(Stored data entries)
┌──

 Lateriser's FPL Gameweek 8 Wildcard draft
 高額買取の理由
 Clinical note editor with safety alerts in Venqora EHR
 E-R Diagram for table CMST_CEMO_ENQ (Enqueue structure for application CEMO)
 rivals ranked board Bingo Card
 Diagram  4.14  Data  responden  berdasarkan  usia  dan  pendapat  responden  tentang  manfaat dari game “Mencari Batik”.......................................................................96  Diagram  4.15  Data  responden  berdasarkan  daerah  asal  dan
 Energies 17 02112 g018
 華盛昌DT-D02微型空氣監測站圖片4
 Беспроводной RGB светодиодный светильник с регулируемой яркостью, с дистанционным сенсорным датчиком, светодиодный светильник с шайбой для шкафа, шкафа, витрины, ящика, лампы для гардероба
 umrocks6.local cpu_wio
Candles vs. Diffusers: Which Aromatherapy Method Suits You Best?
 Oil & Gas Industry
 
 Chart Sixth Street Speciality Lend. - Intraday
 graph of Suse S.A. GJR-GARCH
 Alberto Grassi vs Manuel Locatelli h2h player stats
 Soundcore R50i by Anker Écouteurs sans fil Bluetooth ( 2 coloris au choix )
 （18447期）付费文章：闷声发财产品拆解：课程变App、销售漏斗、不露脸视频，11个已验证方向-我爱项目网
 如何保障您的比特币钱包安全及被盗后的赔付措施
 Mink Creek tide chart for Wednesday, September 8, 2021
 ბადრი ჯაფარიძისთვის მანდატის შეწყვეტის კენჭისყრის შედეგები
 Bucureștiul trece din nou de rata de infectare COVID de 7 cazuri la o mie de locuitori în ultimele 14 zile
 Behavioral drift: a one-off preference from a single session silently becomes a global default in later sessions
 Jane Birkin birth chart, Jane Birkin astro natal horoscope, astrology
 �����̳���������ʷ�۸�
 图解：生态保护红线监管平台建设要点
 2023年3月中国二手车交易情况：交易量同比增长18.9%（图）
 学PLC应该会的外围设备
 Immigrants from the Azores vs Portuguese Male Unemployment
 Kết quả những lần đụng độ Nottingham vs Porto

└──

Having output the line that contains "華盛昌DT-D02微型空氣監測站圖片4", stop. Every line before it, back to the first line of the data, must be reproduced exactly.

__OUTPUT OF THE TASK__
 Lateriser's FPL Gameweek 8 Wildcard draft
 高額買取の理由
 Clinical note editor with safety alerts in Venqora EHR
 E-R Diagram for table CMST_CEMO_ENQ (Enqueue structure for application CEMO)
 rivals ranked board Bingo Card
 Diagram  4.14  Data  responden  berdasarkan  usia  dan  pendapat  responden  tentang  manfaat dari game “Mencari Batik”.......................................................................96  Diagram  4.15  Data  responden  berdasarkan  daerah  asal  dan
 Energies 17 02112 g018
 華盛昌DT-D02微型空氣監測站圖片4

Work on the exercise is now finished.